The Gruenberg-Kegel graph (abbreviated GK-graph) of a group G is the loop-free undirected graph whose vertices are the prime integers which occurs as the order of an element of G, and two different vertices p and q are joined by an edge if G has an element of order pq. The GK-graph of G provides relevant information of G.

A fundamental group theoretical problem consists in determining which graphs occur as GK-graphs of groups in a certain family. For example every graph is the GK-graph of some group but the GK-graphs of finite groups have at most 6 connected components. The GK-graphs of finite solvable groups have recently been classified.

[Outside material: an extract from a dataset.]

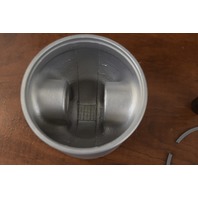 Johnson Evinrude Piston .20 390982 1979-1987 90 115 140 150 175 200 235 HP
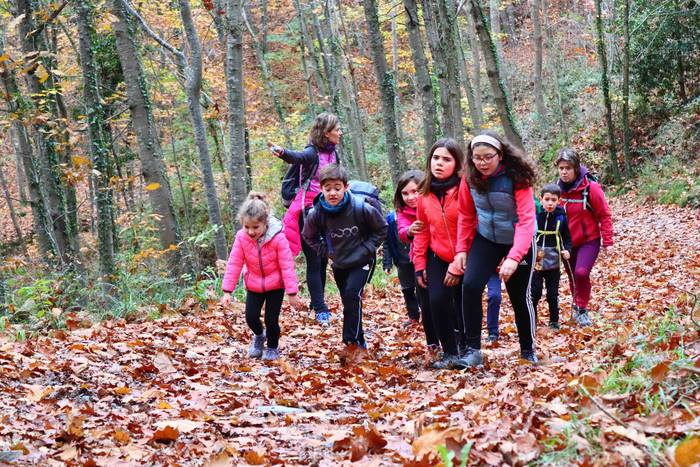 Adunako kultur egitaraua 202 25 1637571735512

Recall that a finite group is said to be rational if the character table is formed by rational numbers, or equivalently every two elements generating the same subgroup are conjugate.

A weaker condition is that of inverse semirational groups which are groups in which two elements g and h generating the same subgroup are conjugate or g and h^{-1} are. In the terminology of "group ringers'' inverse semirational groups are called cut because they are precisely the finite groups such that every Central Unit of its integral group ring is Trivial i.e. belong to G or -G.

In this talk we will present some recent result on the GK-graphs of rational and inverse semirational groups.